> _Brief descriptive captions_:
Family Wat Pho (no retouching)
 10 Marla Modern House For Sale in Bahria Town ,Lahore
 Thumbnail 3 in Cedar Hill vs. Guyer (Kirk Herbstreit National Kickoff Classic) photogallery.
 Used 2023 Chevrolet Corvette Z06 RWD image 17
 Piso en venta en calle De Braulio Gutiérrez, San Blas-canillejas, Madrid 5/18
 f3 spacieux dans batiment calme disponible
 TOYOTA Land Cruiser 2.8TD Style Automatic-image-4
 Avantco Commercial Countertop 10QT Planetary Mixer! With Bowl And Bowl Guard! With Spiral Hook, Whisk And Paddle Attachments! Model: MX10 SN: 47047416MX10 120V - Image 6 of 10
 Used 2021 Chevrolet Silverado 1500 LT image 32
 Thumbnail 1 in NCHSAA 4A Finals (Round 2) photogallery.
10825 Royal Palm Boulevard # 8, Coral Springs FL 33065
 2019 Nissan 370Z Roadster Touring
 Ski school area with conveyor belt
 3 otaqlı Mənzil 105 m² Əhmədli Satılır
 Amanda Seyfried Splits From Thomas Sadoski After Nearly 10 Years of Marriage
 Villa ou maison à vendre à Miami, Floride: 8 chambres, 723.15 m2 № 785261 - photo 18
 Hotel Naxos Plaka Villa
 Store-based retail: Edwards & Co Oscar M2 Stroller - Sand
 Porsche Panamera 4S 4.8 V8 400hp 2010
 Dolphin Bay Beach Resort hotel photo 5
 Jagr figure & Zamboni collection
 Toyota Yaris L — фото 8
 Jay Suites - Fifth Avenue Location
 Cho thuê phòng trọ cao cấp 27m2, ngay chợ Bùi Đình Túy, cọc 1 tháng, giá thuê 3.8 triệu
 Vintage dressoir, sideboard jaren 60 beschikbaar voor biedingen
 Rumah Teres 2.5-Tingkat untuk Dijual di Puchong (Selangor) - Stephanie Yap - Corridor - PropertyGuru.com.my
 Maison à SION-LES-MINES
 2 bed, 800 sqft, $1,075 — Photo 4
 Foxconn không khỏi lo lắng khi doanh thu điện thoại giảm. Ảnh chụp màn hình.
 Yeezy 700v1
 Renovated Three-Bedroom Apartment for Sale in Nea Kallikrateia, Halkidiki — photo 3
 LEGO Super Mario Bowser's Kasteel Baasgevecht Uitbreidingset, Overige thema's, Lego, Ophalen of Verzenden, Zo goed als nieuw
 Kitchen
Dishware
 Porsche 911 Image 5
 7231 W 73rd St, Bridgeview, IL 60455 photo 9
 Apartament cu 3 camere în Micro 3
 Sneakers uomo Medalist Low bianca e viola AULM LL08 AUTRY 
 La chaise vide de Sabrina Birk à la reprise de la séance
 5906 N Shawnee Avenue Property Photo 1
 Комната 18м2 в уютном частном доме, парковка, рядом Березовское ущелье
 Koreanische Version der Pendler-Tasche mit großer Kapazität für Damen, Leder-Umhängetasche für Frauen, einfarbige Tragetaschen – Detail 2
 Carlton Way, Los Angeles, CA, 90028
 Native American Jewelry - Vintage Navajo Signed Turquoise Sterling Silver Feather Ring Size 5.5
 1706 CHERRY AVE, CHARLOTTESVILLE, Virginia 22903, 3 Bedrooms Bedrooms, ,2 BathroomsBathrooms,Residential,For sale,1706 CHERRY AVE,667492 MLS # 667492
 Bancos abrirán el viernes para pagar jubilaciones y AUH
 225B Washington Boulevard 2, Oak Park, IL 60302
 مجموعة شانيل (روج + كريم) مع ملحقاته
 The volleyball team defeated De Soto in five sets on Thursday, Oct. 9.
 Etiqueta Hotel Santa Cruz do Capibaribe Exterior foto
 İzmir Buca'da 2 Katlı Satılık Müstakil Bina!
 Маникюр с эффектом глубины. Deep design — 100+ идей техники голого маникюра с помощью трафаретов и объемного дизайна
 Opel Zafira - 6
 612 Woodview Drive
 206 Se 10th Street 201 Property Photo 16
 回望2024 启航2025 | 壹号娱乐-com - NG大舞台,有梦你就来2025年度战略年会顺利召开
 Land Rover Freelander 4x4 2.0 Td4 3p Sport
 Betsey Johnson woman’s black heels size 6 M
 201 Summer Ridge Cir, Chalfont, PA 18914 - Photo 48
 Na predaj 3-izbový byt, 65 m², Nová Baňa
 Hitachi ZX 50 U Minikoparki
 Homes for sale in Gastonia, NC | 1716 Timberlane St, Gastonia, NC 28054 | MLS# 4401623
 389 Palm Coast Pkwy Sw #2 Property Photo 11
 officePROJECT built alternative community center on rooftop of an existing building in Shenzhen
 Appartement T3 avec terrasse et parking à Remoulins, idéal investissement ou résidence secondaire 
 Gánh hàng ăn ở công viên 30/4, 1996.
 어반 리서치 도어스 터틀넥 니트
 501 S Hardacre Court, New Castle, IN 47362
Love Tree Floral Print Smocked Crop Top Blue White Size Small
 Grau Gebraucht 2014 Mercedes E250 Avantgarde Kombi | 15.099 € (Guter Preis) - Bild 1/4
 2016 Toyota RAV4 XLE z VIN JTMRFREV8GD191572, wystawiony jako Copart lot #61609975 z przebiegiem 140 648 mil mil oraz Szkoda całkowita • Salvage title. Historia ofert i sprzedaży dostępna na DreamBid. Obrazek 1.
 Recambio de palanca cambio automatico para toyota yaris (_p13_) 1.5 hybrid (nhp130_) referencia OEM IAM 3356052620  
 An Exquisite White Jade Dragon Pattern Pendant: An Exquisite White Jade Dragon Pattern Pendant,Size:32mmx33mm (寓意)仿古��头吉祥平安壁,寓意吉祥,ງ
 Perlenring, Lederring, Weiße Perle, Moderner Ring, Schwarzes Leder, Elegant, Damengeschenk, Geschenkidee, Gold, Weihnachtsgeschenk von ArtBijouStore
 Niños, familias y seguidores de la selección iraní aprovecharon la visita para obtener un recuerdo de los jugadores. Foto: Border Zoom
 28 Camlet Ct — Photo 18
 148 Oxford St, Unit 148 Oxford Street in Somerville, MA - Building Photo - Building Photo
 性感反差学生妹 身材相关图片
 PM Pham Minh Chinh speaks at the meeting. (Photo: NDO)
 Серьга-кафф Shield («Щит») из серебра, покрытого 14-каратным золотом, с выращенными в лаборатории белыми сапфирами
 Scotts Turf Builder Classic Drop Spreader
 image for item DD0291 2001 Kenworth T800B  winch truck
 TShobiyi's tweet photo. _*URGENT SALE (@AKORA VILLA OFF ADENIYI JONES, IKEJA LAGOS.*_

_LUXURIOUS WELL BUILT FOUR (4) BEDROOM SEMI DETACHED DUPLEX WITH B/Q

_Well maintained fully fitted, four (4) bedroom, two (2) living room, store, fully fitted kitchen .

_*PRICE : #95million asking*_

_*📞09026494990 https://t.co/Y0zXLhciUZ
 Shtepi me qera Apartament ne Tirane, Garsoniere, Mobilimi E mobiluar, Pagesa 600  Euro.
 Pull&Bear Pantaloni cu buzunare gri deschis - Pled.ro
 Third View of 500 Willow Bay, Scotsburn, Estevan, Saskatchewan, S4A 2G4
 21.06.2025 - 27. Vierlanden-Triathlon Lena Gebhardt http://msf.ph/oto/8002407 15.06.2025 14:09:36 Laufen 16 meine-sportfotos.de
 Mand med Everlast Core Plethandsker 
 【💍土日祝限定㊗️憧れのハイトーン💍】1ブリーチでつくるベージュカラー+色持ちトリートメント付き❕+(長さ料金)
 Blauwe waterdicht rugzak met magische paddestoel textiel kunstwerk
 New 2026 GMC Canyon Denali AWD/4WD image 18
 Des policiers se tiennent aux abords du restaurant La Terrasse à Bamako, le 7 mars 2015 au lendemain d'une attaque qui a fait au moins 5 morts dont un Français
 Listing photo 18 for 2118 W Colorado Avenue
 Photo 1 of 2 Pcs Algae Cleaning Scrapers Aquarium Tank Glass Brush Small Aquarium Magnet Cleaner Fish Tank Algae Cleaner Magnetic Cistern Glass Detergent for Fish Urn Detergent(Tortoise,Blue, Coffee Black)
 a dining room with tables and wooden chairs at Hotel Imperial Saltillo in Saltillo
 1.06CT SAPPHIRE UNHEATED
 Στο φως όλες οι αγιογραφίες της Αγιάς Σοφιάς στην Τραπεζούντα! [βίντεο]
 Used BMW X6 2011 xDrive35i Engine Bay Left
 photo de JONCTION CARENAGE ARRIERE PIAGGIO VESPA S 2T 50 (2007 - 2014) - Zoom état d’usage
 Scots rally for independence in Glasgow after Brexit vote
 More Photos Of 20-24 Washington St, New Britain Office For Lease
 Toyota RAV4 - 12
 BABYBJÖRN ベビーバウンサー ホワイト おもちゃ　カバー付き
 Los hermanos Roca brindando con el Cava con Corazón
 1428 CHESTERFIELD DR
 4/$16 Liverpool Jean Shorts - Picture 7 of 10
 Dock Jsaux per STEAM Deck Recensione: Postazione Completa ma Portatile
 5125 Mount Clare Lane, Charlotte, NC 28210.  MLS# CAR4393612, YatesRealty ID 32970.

> _What you will do_:
Report how many lines of the data above hold the string "Classic". Nothing else belongs in the answer.

> _Output_:
2